There are two main types of data and both types can be further classified into two sub-types.

- Numerical data, which can be
- Discrete or
- Continuous

- Categorical data, which can be
- Nominal or
- Ordinal

A *histogram* partitions the horizontal axis into intervals and places a rectangle over each interval indicating a count of values. Here's a rough histogram of the heights of folks in the class. The dashed yellow line at about 5.64 is a quantification of location called the *mean*.

Here's a histogram for the ages in the class. The shape is quite different and the mean is, perhaps, less meaningful.

Alernatively, we might look at *box plots* fore these same variables. These illustrate the so-called *five-point summary* of

min, 1st quartile, median, 3rd quartile, and max.

Sometimes we'll want to find if there's a relationship between two variables. In the following *side-by-side boxplot*, we examine how the relationship between gender and height.

Like a histogram, a *bar chart* represents value counts with vertical bars. Here's a bar chart for the different eye colors in the class:

A key difference between a bar chart and a histogram is that a bar chart represents *categorical* data. So, for example, the order of the bars doesn't really matter. Here's a bar chart for the same data, the variables are sorted in ascending order, rather than alphabetically:

Lots of people seem to love *pie charts* for categorical data. I *only* favor pie charts when comparing two values of a categorical variable. In our data - section, gender or handedness are logical choices to illustrate with a pie chart. You get a good sense of *relative* magnitude or *proportion*.

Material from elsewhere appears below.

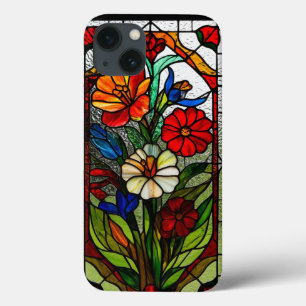 Stained Glass Panel Featuring Vibrant Flowers iPhone 13 Case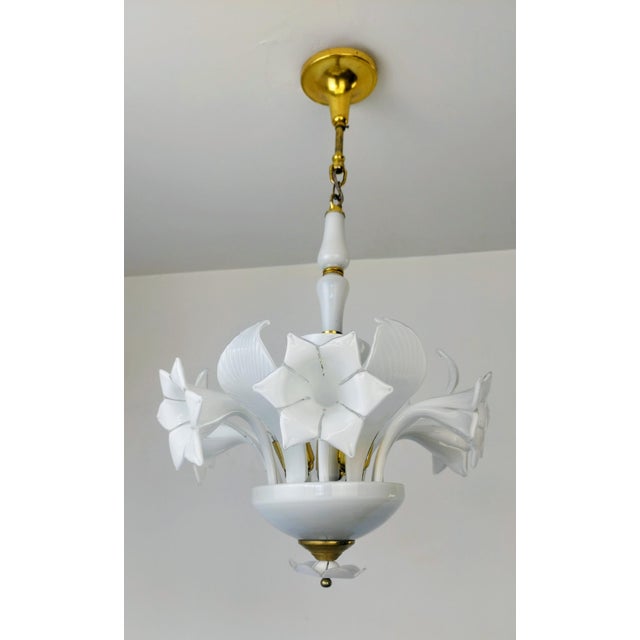 Vintage Italian White Murano Styled Calla Lilly Chandelier Brass Lighting 1970s For Sale - Image 12 of 17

While people do love pie charts, there's really no way to tell absolute magnitude and they can be confusing for data sets of moderate size. Here's a pie chart for the majors in the class:

An better way to look at categorical data is with a *bar chart*, which makes it much easier to compare two values that are quite close to one another. We can also indicate magnitude with a single scale.

Again, pie chart's should *only* be used when comparing complementary proportions!

Geographic data is of tremendous importance and is often best illustrated on a map. Here's what the actual answers to the hometown question looks like:

Make this Notebook Trusted to load map: File -> Trust Notebook

One simple characterization of statistics is

the study of how to collect, analyze, and draw conclusions from data.

Note the three parts:

**Collect**: Using*experiments*or*observational studies*,**Analyze**:*Qualitatively*- often using graphs*Quantitatively*- often using computations from probability theory

**Draw conclusions**: The process of inference

Collecting data often boils down to designing an *experiment* or *observational study*. We'll talk a lot more about that in sections 1.3 and 1.4 from our textbook next time.

The images we've seen today allow us to draw rough *qualitative* conclusions about the data we see. Quantiative analysis is more numerical. For example, 5 out of the 38 people in the class are left handed, or about 13.9%.

This is more precise information than we could glean from a pie chart.

Ultimately, we want to draw *inferences* or conclusions from data. To do so, it helps to have a little terminology:

*Population*refers to the complete set of entities under consideration,*Sample*refers to some subset of the population,*Parameter*refers to some summary characteristic of the population, and*Statistic*refers to some summary characteristic computed from a sample.

The main question is: once you've computed a statistic from a sample, what might that tell you about the corresponding parameter for the whole population?

For example, I guess that about 13.9% of our class is left handed. We could take that as an approximation to the number of left handed folks in the whole population. How accurate an approximation might we expect that to be?